We are prisoners of terminology. Even if we resolved to reconnect with the former colonies, and even if we threw off this notion that the debt is paid because it all happened a long time ago and we are fed up of paying it, we still could not psychologically come to terms with paying reparations. What would that say about our Britain? All the monuments, buildings, streets, institutions, wealthy bloodlines that emerged from the bloody trade. Not to mention the legal ramifications, which would be immense.

That may not be a happy moral position, but it is life as it is. Much worse is the current approach that says the whole thing is settled, thus there is no need to maintain the trade and cultural ties that at least acknowledged a shared if bloody history. That heaps insult on still unmanageable injury.

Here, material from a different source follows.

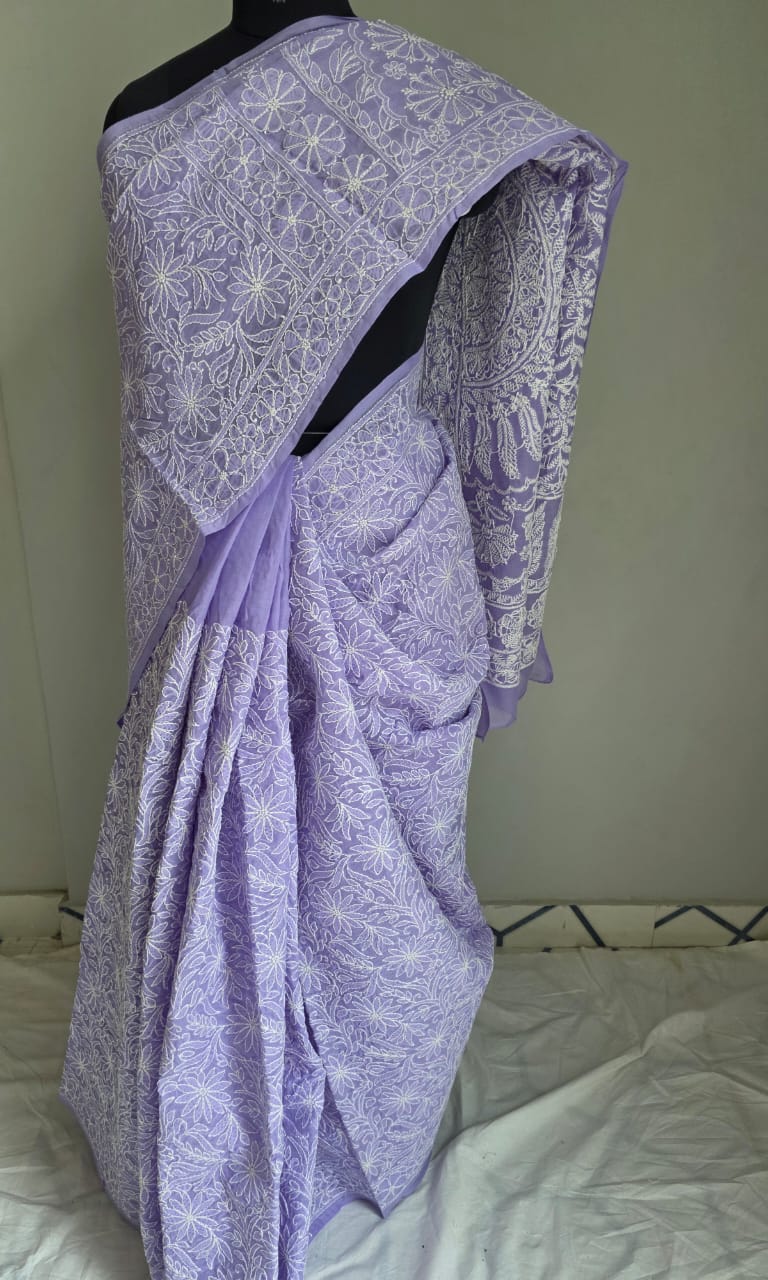 Lavender Cotton All over Full Hand embroidered Saree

Reni Eddo-Lodge: It’s naive to think the past is irrelevant to today
Britain made money from the dehumanisation of black bodies, and it is right that black bodies demand that money back. The “historic links” between the UK and Jamaica that Cameron proudly boasts of are rooted in violent racist colonialism. When Britain ended the slave trade, it wasn’t the enslaved who received compensation for their suffering – instead, it was slave owners. Cameron’s distant relatives received amounts equivalent to millions today.

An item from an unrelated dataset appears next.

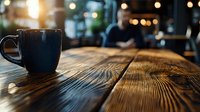 Dark ceramic coffee cup on rustic wooden table with blurred cafe interior background and warm bokeh lights creating cozy atmosphere for cafe and restaurant designs.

Some might insist that what his long dead relatives did 200 years ago is no longer relevant, but it’s naive to think that the past has nothing to do with the shape of today. Moreover, this is less to do with David Cameron as a private individual and more to do with David Cameron as the leader of a nation – a nation that has never fully apologised for its key role in the transatlantic slave trade.

The closest we’ve ever come to a full apology was Tony Blair’s “deep sorrow” almost a decade ago. Cameron’s decision to dodge questions from the Jamaican press signals a prime minister running scared of facing the consequences on Britain’s whitewashed history, in which the British were always the heroes and never the bad guys. How can he be so eager to move forward with Jamaicans, if he’s not willing to be honest about the past?

Esther Stanford-Xosei: It’s not just about money, we want justice
Reparations cannot be reduced to money. The media is refusing to hear and amplify this essential message. Instead, there is an attempt to impose on us, the descendants of the enslaved, a definition of reparations where it is synonymous with compensation, which is not accepted by the International Social Movement for Afrikan Reparations (Ismar). This point was emphasised in the 1993 Abuja Reparations Declaration.




Now more than ever, our people’s reparations message is making greater sense, given recent developments in British politics. We mean the election of Jeremy Corbyn as the leader of the Labour party and his message of redistribution of wealth, which is consistent with our approach to securing reparatory justice.

Together with Corbyn’s activists, we are working to ensure that an autonomous Afrikan Heritage Community for National Self-Determination (AHC-NSD) develops in Britain, which will ensure that Labour’s agenda for redistribution of wealth is done locally, nationally and internationally. Wealth criminally expropriated from the enslaved people and their descendants must be redistributed. This is the reparatory justice we demand. Ismar’s campaign for the establishment of a UK all-party commission for truth and reparatory justice is one important way forward.